Me - "This is my 32nd winter, sir."

So my pre-winter "training" is over and I'm in full cold weather mode.  Said "training" consists of subjecting myself to all levels of cold, via ill-suited clothing, leading up to the coldest months.  The logic is that I'm preparing my body for the forthcoming winter, and if Darwin is right, adapting and overcoming the cold. I think it makes sense, who knows if I'm right. 

But, there is something to say for people who have to live through winters.  Part of the reason that the Californian and Floridian "perpetual sun" vibe can begin to irritate cold weather peoples.  Winter is hard.  It's dark, and cold.  The days are short, the foliage is dead.  At night the only life is steam from passing mouths, building rooftops and greasy grill exhaust from the local fry and dies.  There is a solitude.  A bleakness. 

And what I'm trying to get at...an understanding between the people who have to endure them. 

Prior to last year, the upside to dealing with the brutally hot summers and ice cold winters  of New Jersey was the fact that we were mostly exempt from natural disasters.  Tornadoes, Earthquakes, Volcanoes, Tsunamis and Hurricanes are a foreign news piece for Jerseyites. All we have to do is deal with a few blizzards a year, buy some gloves and an ice scraper for your windshield, maybe a blower if you have a big driveway,  and you're mostly set. 

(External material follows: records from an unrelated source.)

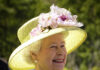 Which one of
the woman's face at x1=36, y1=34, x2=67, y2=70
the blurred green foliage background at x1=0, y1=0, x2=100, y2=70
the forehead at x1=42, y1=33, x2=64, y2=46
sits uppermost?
the blurred green foliage background at x1=0, y1=0, x2=100, y2=70

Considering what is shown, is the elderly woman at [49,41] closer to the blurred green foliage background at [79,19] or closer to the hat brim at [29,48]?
the hat brim at [29,48]

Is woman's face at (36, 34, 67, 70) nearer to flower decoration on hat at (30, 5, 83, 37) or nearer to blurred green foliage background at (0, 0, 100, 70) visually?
flower decoration on hat at (30, 5, 83, 37)

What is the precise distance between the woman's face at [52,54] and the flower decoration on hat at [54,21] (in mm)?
106

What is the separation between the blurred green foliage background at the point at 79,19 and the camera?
47.0 ft

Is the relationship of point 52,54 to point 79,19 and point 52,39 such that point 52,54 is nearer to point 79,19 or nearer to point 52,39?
point 52,39

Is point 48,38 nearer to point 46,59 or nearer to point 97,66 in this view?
point 46,59

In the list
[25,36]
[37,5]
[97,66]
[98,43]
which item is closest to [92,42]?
[98,43]

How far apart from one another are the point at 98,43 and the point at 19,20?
14.0 ft

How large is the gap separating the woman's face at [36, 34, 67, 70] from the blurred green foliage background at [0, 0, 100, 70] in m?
10.5

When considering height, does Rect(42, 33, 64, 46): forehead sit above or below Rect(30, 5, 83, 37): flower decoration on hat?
below

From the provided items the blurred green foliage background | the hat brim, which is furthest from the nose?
the blurred green foliage background

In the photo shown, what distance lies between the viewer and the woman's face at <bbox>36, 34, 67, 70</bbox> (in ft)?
9.69

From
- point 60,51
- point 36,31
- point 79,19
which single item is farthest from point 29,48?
point 79,19

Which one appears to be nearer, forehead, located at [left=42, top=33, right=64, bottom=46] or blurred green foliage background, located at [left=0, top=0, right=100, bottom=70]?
forehead, located at [left=42, top=33, right=64, bottom=46] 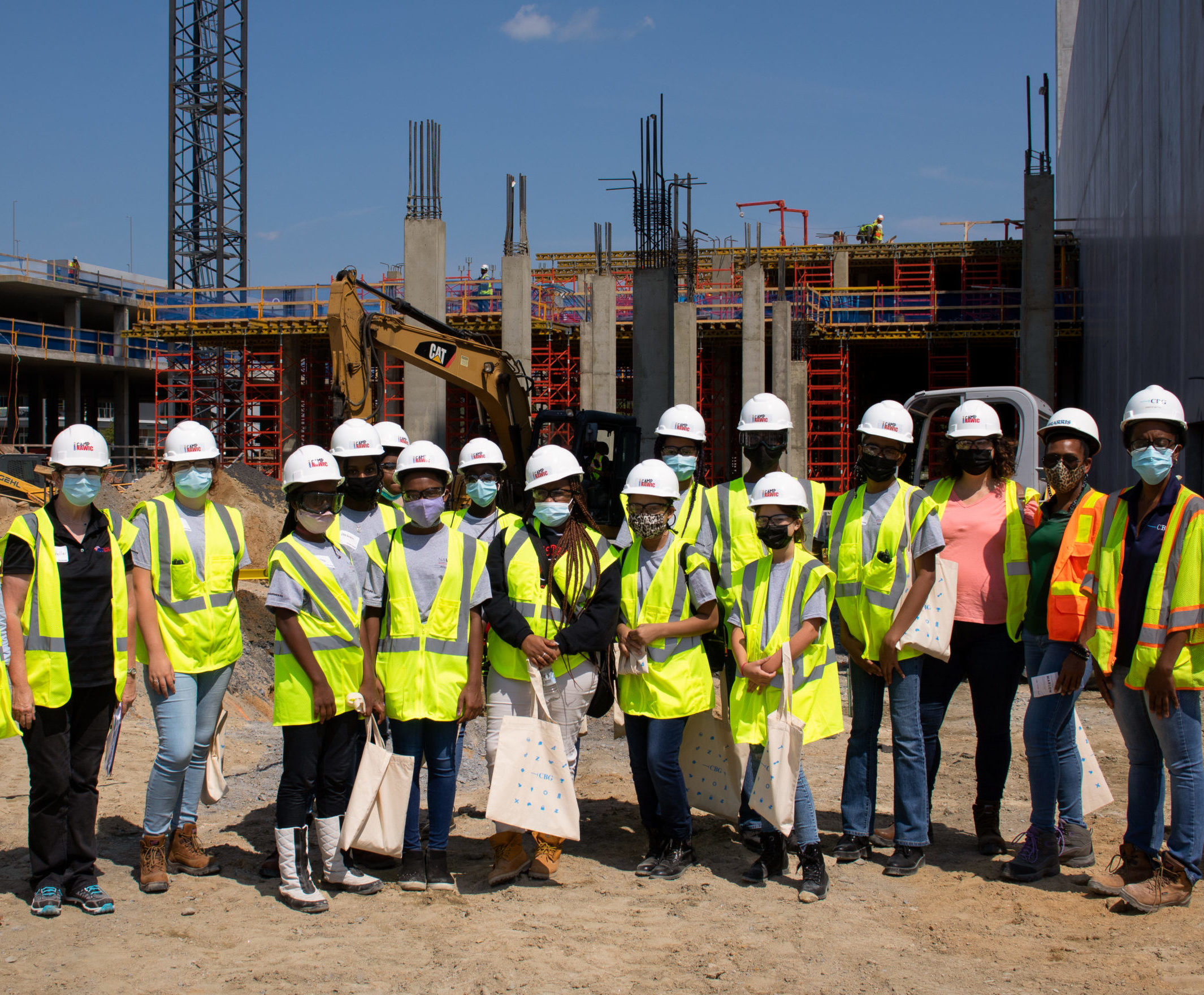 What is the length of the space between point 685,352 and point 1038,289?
23.8 feet

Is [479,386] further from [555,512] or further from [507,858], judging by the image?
[507,858]

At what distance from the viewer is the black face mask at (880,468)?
15.5ft

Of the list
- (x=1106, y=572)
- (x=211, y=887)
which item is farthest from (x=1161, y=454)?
(x=211, y=887)

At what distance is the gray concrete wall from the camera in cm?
1018

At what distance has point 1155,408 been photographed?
4180 mm

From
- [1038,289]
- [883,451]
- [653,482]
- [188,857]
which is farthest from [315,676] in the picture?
[1038,289]

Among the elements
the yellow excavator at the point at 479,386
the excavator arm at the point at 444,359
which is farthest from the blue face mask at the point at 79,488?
the excavator arm at the point at 444,359

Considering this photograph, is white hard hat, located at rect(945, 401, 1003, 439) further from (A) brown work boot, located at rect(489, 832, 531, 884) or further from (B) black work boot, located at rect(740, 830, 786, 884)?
(A) brown work boot, located at rect(489, 832, 531, 884)

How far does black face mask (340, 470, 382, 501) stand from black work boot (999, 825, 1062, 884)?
3.26 metres

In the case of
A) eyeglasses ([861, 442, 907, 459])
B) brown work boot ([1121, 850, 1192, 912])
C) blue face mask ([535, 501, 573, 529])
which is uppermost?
eyeglasses ([861, 442, 907, 459])

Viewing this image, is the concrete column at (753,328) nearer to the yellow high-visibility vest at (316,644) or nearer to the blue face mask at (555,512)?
the blue face mask at (555,512)

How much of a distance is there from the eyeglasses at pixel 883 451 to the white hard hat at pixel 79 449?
10.2 feet

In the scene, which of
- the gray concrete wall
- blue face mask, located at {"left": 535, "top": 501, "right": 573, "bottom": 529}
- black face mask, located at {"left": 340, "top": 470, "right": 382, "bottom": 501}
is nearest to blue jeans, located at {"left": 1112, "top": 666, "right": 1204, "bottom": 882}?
blue face mask, located at {"left": 535, "top": 501, "right": 573, "bottom": 529}

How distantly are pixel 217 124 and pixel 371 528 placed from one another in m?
42.8
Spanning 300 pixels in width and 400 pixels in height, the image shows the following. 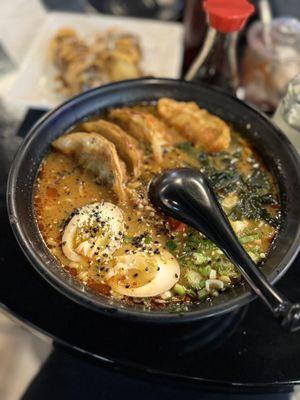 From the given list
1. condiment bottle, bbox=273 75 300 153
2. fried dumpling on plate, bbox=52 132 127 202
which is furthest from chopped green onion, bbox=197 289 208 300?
condiment bottle, bbox=273 75 300 153

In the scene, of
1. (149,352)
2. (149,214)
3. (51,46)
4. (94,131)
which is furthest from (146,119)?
(51,46)

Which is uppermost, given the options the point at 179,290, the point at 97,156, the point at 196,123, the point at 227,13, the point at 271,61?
the point at 227,13

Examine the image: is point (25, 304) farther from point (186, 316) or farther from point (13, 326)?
point (186, 316)

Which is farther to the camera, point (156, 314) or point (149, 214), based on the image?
point (149, 214)

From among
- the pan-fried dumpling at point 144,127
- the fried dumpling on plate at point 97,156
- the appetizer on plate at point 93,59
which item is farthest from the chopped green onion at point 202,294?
the appetizer on plate at point 93,59

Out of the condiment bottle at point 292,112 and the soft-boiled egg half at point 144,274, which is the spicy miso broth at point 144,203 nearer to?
the soft-boiled egg half at point 144,274

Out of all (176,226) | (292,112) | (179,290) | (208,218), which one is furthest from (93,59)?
(179,290)

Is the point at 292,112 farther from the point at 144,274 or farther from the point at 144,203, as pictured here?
the point at 144,274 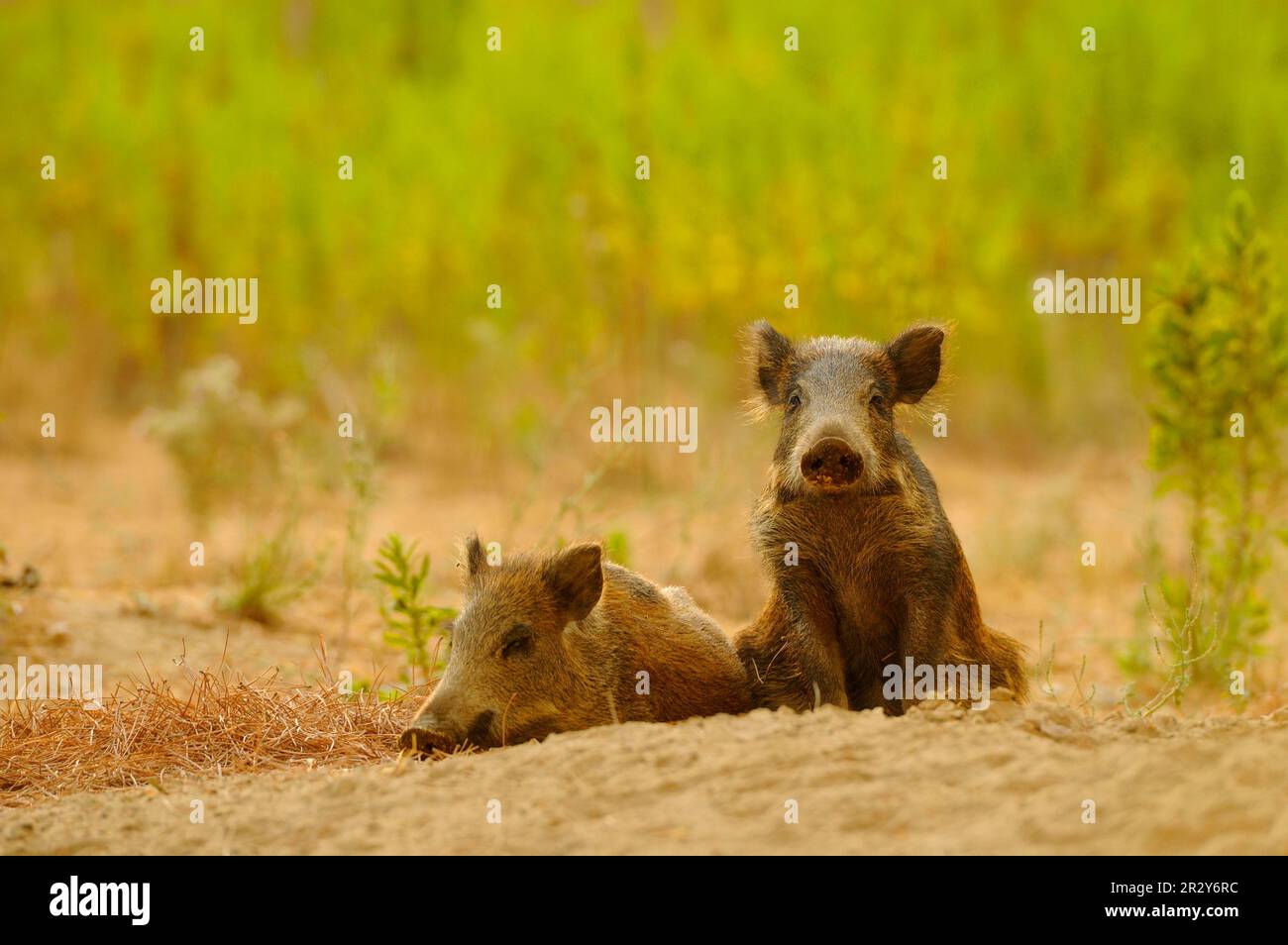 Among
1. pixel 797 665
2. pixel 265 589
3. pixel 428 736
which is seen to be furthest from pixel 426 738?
pixel 265 589

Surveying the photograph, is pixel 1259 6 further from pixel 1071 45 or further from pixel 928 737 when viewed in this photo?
pixel 928 737

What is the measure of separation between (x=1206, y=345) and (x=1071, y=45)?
572 inches

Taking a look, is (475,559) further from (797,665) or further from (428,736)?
(797,665)

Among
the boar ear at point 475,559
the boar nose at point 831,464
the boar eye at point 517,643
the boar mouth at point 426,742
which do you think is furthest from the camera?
the boar ear at point 475,559

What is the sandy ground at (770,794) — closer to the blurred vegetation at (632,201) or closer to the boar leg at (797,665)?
the boar leg at (797,665)

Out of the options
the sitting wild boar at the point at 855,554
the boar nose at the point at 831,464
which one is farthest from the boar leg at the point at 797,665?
the boar nose at the point at 831,464

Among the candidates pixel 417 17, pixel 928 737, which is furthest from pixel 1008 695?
pixel 417 17

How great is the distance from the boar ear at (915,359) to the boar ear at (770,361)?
40cm

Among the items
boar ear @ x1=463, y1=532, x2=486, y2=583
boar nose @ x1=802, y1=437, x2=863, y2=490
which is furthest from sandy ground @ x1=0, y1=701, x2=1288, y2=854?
boar ear @ x1=463, y1=532, x2=486, y2=583

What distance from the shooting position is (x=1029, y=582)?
12367 millimetres

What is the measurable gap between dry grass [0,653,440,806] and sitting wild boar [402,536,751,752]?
43cm

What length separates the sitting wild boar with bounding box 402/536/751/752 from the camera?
5.19 m

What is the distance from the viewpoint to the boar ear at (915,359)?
580 centimetres

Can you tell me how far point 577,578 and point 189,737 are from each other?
160 cm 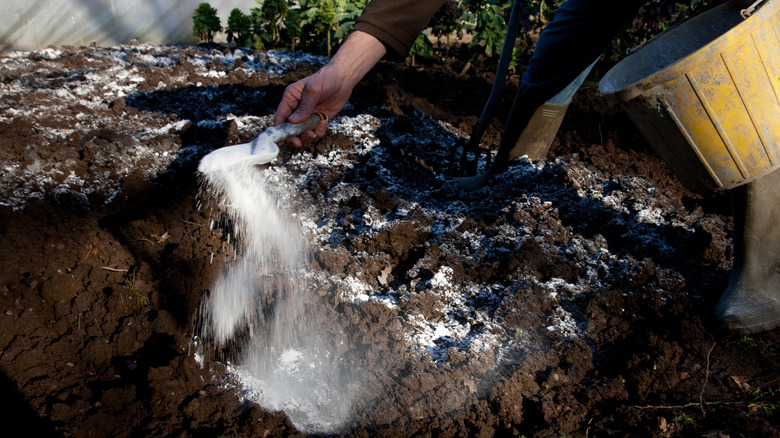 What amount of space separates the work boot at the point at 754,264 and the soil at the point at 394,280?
0.25ft

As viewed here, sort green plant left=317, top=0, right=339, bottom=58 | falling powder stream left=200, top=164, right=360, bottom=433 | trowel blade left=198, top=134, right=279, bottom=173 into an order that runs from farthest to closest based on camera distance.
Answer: green plant left=317, top=0, right=339, bottom=58, trowel blade left=198, top=134, right=279, bottom=173, falling powder stream left=200, top=164, right=360, bottom=433

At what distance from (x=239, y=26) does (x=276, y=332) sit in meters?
5.20

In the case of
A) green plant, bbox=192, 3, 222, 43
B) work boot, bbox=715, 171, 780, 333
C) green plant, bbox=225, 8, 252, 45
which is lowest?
work boot, bbox=715, 171, 780, 333

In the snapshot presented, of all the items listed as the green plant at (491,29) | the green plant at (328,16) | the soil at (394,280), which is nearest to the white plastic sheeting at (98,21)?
the green plant at (328,16)

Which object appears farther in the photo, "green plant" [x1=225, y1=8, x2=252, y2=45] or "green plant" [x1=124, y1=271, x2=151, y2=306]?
"green plant" [x1=225, y1=8, x2=252, y2=45]

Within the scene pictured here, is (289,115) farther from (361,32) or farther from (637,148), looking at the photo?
(637,148)

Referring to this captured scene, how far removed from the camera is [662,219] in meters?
2.69

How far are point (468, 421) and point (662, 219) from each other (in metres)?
1.68

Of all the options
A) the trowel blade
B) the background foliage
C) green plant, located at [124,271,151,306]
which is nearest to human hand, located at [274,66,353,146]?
the trowel blade

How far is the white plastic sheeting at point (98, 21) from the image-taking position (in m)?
5.56

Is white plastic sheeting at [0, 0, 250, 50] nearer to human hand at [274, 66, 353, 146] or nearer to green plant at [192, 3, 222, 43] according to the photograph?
green plant at [192, 3, 222, 43]

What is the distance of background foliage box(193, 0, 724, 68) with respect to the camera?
5020 mm

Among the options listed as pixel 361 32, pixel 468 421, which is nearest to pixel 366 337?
pixel 468 421

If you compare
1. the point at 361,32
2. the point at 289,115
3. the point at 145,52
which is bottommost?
the point at 289,115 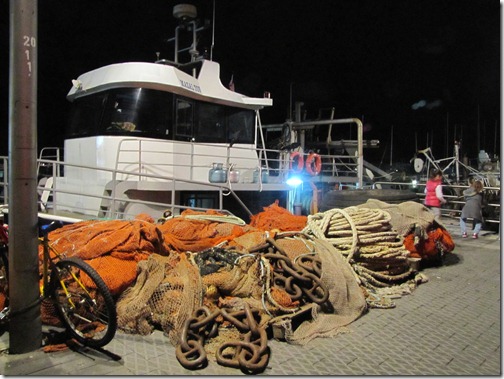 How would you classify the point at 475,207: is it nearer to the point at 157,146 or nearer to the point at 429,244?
the point at 429,244

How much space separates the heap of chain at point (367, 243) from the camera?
18.1 feet

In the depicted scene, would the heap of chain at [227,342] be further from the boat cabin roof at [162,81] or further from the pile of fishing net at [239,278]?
the boat cabin roof at [162,81]

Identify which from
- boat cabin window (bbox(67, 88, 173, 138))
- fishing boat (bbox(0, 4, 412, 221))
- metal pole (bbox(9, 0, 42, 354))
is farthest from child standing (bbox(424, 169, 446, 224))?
metal pole (bbox(9, 0, 42, 354))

Well, not anymore.  I think one of the reasons some people from here weren't too worried about Sandy is because, historically, the hurricane warnings have been "crying wolf" my entire life.  At least twice every summer, since I was little kid, we've had hurricane warnings.  All with different weird names, all of them decrease in power by the Carolinas, or magically veer east over the Atlantic Ocean before they get to us, leaving merely a thunderstorm that half the populous bought canned food and generators for.  

Apparently things have changed.  The coast is pushing back and some serious re-consideration of where property is built, and more specifically HOW it's built is very much in the for-front. 

I'm off-topic, all I'm trying to say is...winter is cold, people who don't have them are soft, and global heating might be real.